Significant Sig Mark Tipton, TULANE 1978

Significant Sig Mark Tipton, TULANE 1978, has decades of experience in the banking and financial industry. He is executive vice president and Georgia regional president of IBERIABANK's operations in the state of Georgia. He also is past chairman and CEO of Georgia Commerce Bank, which was acquired by IBERIABANK in 2015, and was head of commercial banking for First Union National Bank of Georgia. He is a member of the Fraternity’s Constantine Housing Initiative board, as well as the house corporation board for his undergraduate chapter, where he is a member of the Board of Tulane governing body at his alma mater.


Tipton spoke with Sigma Chi about the impact of the COVID-19 pandemic on small businesses and steps small businesses and individuals can take during this time.


You've had a lengthy career within the banking and financial industry. How does the current COVID-19 pandemic compare with some of the significant highs and lows within the industry over your career?


“I've been in banking now 40 years, and I thought I'd seen it all. I went through the Texas meltdown in the 1980s, and we had a meltdown during 2008 to 2010 where 90 banks failed in Georgia alone. This [pandemic] takes the cake. We're in uncharted territory because this was no fault of our own.
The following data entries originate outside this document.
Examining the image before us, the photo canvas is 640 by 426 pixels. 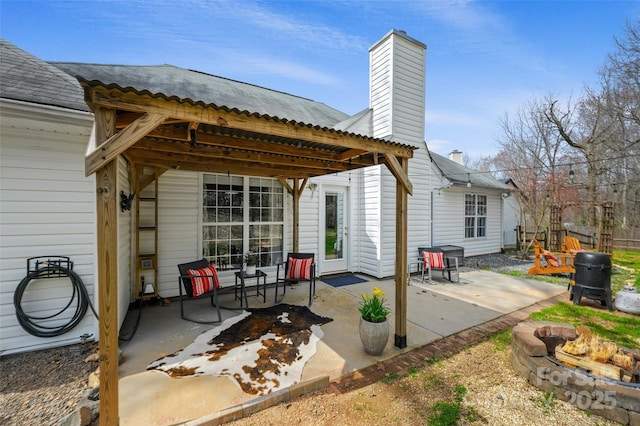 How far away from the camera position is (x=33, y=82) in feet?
10.4

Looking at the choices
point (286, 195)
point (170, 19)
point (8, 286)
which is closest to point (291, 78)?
point (170, 19)

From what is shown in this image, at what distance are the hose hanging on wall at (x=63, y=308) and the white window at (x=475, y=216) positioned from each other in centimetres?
983

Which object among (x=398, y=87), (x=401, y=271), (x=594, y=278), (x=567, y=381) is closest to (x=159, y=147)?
(x=401, y=271)

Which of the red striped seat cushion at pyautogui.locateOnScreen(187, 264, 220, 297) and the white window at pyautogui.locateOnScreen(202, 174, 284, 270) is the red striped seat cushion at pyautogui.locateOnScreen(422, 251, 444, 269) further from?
the red striped seat cushion at pyautogui.locateOnScreen(187, 264, 220, 297)

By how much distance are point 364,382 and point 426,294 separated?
10.9ft

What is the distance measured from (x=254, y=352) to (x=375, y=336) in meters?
1.39

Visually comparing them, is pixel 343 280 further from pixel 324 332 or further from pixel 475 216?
pixel 475 216

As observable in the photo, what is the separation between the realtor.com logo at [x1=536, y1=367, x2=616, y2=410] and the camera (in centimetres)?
214

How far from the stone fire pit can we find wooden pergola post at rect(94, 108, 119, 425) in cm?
355

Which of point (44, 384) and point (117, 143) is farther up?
point (117, 143)

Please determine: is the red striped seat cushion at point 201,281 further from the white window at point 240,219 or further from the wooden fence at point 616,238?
the wooden fence at point 616,238

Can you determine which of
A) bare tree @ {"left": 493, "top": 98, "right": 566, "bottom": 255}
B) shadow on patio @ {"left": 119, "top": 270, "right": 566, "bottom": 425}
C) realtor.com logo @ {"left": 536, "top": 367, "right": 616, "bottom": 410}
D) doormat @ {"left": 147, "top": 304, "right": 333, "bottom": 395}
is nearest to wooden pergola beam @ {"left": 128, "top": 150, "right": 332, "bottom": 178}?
shadow on patio @ {"left": 119, "top": 270, "right": 566, "bottom": 425}

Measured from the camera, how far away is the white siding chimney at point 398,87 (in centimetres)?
649

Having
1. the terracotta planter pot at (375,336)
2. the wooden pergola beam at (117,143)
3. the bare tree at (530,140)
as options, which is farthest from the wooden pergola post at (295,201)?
the bare tree at (530,140) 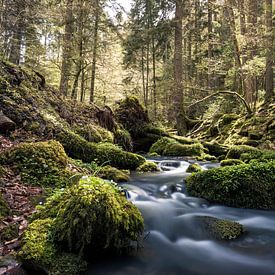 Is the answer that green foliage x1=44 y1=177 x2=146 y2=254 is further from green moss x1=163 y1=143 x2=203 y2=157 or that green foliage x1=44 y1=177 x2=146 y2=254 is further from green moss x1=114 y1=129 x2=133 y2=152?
green moss x1=163 y1=143 x2=203 y2=157

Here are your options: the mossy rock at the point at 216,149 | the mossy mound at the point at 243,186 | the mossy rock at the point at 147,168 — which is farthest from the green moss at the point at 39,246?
the mossy rock at the point at 216,149

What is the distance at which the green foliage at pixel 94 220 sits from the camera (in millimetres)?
2941

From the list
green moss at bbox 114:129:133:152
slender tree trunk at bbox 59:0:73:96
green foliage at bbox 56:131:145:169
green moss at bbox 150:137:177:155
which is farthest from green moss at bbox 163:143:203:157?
slender tree trunk at bbox 59:0:73:96

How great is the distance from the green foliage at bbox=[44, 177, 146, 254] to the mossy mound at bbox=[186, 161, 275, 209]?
7.38 feet

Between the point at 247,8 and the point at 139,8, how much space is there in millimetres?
11350

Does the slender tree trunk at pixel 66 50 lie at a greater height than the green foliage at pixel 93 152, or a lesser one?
greater

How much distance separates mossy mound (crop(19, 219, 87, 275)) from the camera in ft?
8.86

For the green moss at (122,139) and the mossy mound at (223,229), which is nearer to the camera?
the mossy mound at (223,229)

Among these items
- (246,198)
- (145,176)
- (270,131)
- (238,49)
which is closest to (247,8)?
(238,49)

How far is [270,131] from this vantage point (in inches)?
470

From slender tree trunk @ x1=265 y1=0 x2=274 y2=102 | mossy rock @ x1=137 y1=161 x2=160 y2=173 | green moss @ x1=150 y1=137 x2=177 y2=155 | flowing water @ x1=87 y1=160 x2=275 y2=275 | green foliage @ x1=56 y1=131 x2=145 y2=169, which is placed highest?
slender tree trunk @ x1=265 y1=0 x2=274 y2=102

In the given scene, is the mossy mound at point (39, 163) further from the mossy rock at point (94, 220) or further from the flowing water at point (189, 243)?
the mossy rock at point (94, 220)

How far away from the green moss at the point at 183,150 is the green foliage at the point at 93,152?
4141mm

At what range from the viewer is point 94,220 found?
300cm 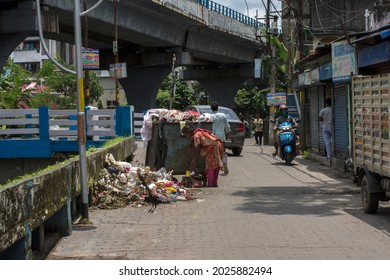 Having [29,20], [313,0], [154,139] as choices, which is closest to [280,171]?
[154,139]

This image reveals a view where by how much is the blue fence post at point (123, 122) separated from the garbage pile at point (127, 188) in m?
8.18

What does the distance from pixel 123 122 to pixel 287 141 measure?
5.36m

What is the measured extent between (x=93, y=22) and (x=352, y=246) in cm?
2600

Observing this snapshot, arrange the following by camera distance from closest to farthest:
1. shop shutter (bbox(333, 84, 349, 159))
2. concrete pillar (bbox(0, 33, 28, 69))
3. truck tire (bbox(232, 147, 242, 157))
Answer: shop shutter (bbox(333, 84, 349, 159)) < truck tire (bbox(232, 147, 242, 157)) < concrete pillar (bbox(0, 33, 28, 69))

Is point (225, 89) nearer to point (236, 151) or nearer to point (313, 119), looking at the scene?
point (236, 151)

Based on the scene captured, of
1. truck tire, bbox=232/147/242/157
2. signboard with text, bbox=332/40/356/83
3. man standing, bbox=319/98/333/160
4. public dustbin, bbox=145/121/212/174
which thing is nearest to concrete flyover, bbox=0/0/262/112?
truck tire, bbox=232/147/242/157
This is a pandemic that came upon us, and we're all figuring out how to survive.”


What have been the steps you have taken at IBERIABANK, and how are small businesses responding to this?


“First and foremost, our bank is primarily focused on privately held owner-operated companies and small businesses of all sorts. If you look at the DNA of the bank, it was built on close relationships with small businesses all across our footprints. There are 30 million small businesses in the United States, and they really are the backbone of the U.S. economy. The government came out with the Paycheck Protection Program [PPP], and the idea was to bridge the gap until we can get the economy moving again by offering loans to cover payroll for a 60-day period so a lot of companies wouldn't have to lay off employees. Our bank, over a short period of time, has received 9,500 applications for a total of $1.9 billion. This is system-wide for IBERIA. We were able to reserve funds for 90 percent of those. I think that's one of the highest percentages for our clients. That was through a lot of hard work from the folks here at IBERIA, but it really was to take care of our customers. Our bank was able to work with 565 of our businesses for right at $207 million and reserve funds for them. Hopefully, that will help them navigate these troubled waters until the economy is safely moving again.”


We have a lot of small business owners in Sigma Chi, and many of them have already taken these steps. Outside of the PPP, what are some other steps that small business owners can be taking right now from a financial perspective?


“Relationships matter during this time. Get with your banker, your local banker, sit down and talk through your plan of action. Look at what your particular business needs [are] and put a particular plan in place. What I tell our customers is, ‘We're partners. We're in this together, and we'll work through it together.’ We're finding ways to work with those who are severely impacted. Some companies have leverage, some don't. Today it's important to be a realist because we're all in this together.


“One other thing: Congress is close to completing a new addition to this PPP plan. If folks haven't gotten with their bank, talk with them about it. It's first come, first serve and will move quickly. But I would encourage folks to sit down with their bank and see whether this makes sense for them to apply for.”


There are many individuals who have lost employment, but there are also individuals still fortunate to have jobs at this time. Once this clears, what are some steps individuals can take to prepare financially for a future pandemic or other national emergency?


“What this has driven home is you think you've planned for everything, then something like this happens. One takeaway is reserves, making sure that you, over time, build up some rainy-day money to be used for things that are totally unforeseen today. Banks set aside reserves for loans when we book them in the event that some of the good loans we make go bad. Liquidity is really important and the extent you can set aside money for unforeseen circumstances. Each plan, each company, each individual's situation is going to be different.


“It's easy to get caught up on the negative. There will be a light at the end of the tunnel. I think you're already seeing some of the states put together a plan. This too shall pass, and we'll work through it. I'm an optimist by nature. We've got the American spirit, the Sigma Chi spirit. It will get us through this.”